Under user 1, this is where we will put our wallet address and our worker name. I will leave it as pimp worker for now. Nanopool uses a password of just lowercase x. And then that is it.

* * * * * * * * *

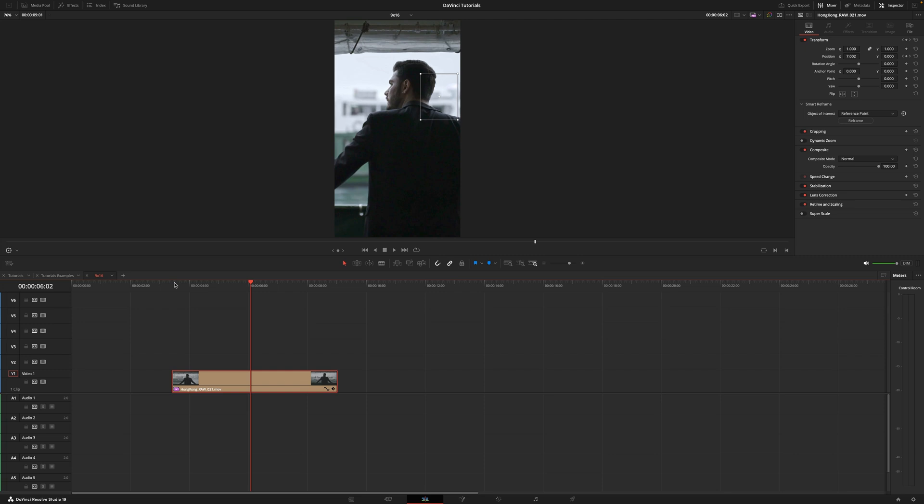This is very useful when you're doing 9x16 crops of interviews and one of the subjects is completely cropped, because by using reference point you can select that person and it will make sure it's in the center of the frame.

* * * * * * * * *

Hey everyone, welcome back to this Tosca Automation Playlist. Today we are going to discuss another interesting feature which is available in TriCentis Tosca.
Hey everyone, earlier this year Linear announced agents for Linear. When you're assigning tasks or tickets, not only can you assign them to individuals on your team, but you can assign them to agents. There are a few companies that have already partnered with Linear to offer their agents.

* * * * * * * * *

What you return should be exactly the lines above, starting at the one with "Hey everyone, welcome" and ending at the one with "Hey everyone, earlier", and nothing else.

Hey everyone, welcome back to this Tosca Automation Playlist. Today we are going to discuss another interesting feature which is available in TriCentis Tosca.
Hey everyone, earlier this year Linear announced agents for Linear. When you're assigning tasks or tickets, not only can you assign them to individuals on your team, but you can assign them to agents. There are a few companies that have already partnered with Linear to offer their agents.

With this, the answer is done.